Here is our AWS configuration:


-          Zookeeper Cluster (3.4.6): 3-nodes on m4.xlarges (default 
configuration) EBS volumes (sd1)

-          Kafka Cluster (0.10.0): 3 nodes on m4.2xlarges (config: 
https://gist.github.com/anduill/710bb0619a80019016ac85bb5c060440) EBS volumes 
(sd1)

Usage:

Our usage of the cluster is fairly modest (at least I think so). At peak hours, 
each broker will receive about 1.4 MB/sec.
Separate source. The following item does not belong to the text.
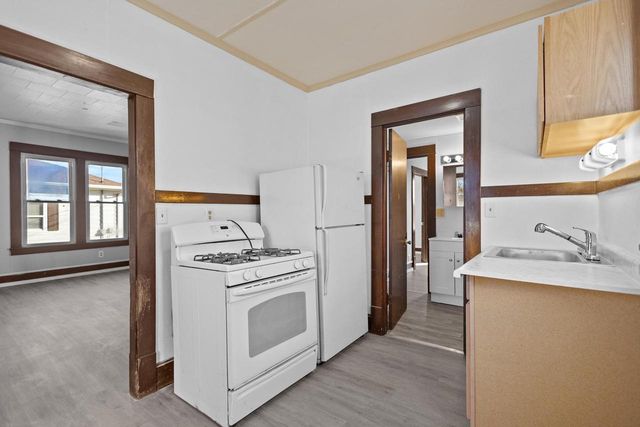 908 W 10TH AVENUE, Oshkosh, WI 54902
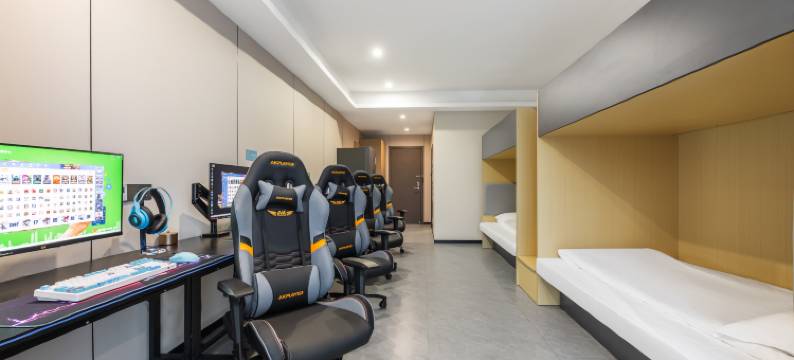 爱电竞酒店(东南大学九龙湖校区诚信大道地铁站店)图片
Our primary input topic has about 54 
partitions with replication set to 3 (ack=all).  Another consumer consumes this 
topic and spreads the messages across 8 other topics each with 8 
partitions…each of which has replication set to 2 (ack=all).  Downstream, 4 
other consumers consume these topics(one consumer consumes the 8 previous 
topics, transforms the messages, and sends the new messages to 8 other 
topics(ack=1) .  In all we end up generating about 206 partitions with an 
average replication of 2.26.

Our Problem:

Our cluster will hum-along just fine when suddenly, 1 or more brokers will 
start experiencing severe ISR-shrinking/expanding.  This causes underreplicated 
partitions and the producer purgatory size starts to rapidly expand(on the 
affected brokers)…this causes downstream producers to get behind in some cases.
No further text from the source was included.